* **Requirement**: Please copy, exactly as they appear below, the lines from the one containing "3.38oz Lavender Essential" through the one containing "Maattabel — Circulair t-shirt - wit - dames".
++++ Dataset records
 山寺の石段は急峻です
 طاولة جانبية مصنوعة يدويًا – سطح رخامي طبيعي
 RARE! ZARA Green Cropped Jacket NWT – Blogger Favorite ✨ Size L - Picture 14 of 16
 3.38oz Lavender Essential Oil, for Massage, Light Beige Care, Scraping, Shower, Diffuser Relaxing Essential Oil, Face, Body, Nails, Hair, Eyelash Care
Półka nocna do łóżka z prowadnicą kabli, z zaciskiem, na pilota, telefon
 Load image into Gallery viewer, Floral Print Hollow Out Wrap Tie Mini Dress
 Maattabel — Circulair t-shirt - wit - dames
++++++++
++++ Dataset records
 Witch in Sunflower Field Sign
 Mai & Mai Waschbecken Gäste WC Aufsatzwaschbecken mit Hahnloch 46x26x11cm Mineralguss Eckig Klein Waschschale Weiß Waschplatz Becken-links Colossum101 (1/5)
++++++++
* **Result of this exercise**:
 3.38oz Lavender Essential Oil, for Massage, Light Beige Care, Scraping, Shower, Diffuser Relaxing Essential Oil, Face, Body, Nails, Hair, Eyelash Care
Półka nocna do łóżka z prowadnicą kabli, z zaciskiem, na pilota, telefon
 Load image into Gallery viewer, Floral Print Hollow Out Wrap Tie Mini Dress
 Maattabel — Circulair t-shirt - wit - dames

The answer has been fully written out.